▶ _What to produce_:
Lines from the one containing "SOLD Chanel Black" through the end of the listing are what is wanted, given again exactly with both ends included and pictures left out.

▶ _Exercise data_:
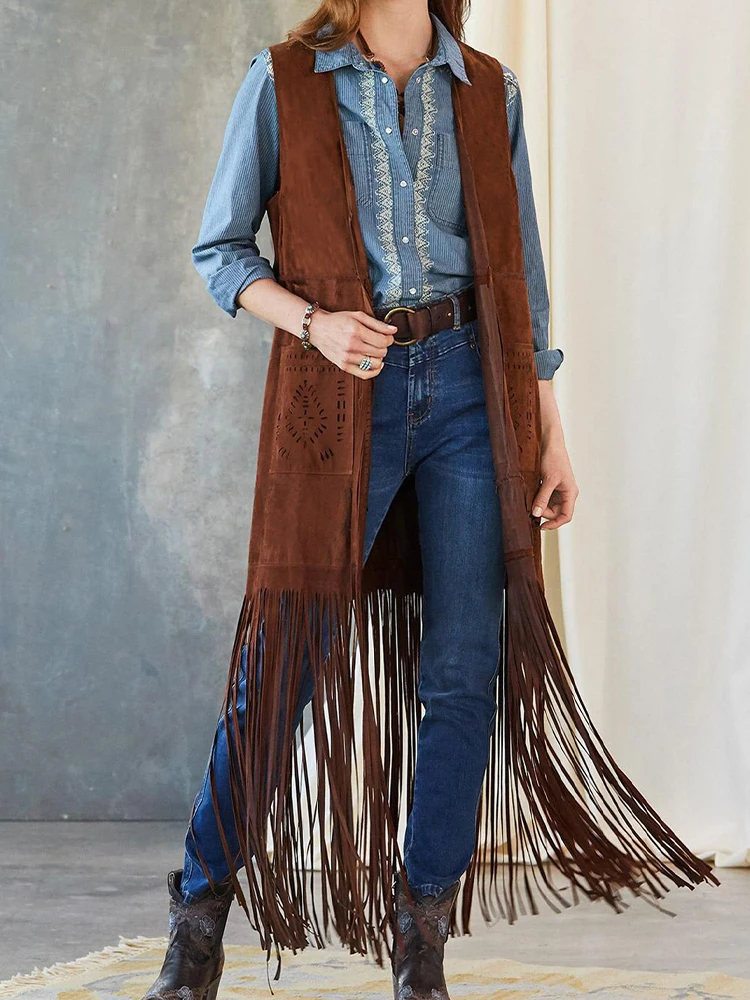 Vintage Fringe Vest Women Autumn Faux Suede Tassel Long Waistcoat Female Fashion Solid Color Casual Loose Sleeveless Cardigan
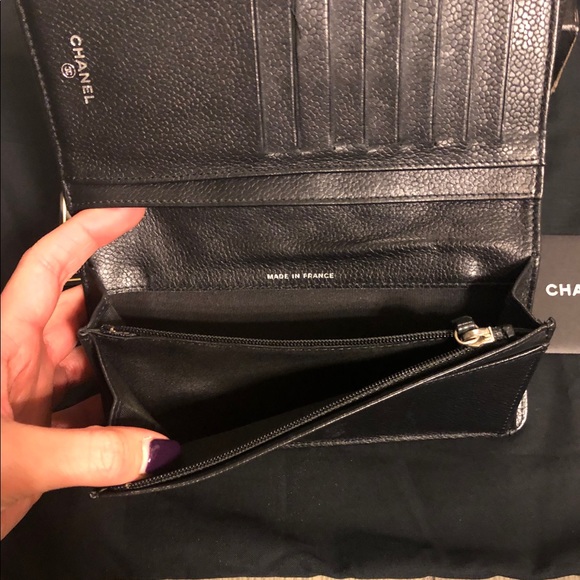 SOLD Chanel Black Quilted Caviar Leather Wallet - Picture 4 of 7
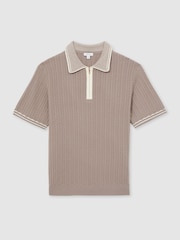 Light Taupe Brown - Reiss Jarvis Micro-Cable Half-Zip Polo Shirt - Imagen 2 de 6
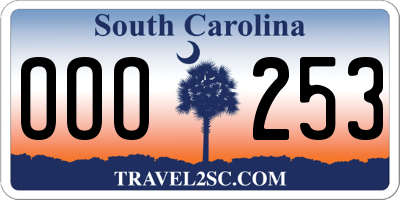 SC license plate OOO253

▶ _Solved exercise_:
 SOLD Chanel Black Quilted Caviar Leather Wallet - Picture 4 of 7
 Light Taupe Brown - Reiss Jarvis Micro-Cable Half-Zip Polo Shirt - Imagen 2 de 6
 SC license plate OOO253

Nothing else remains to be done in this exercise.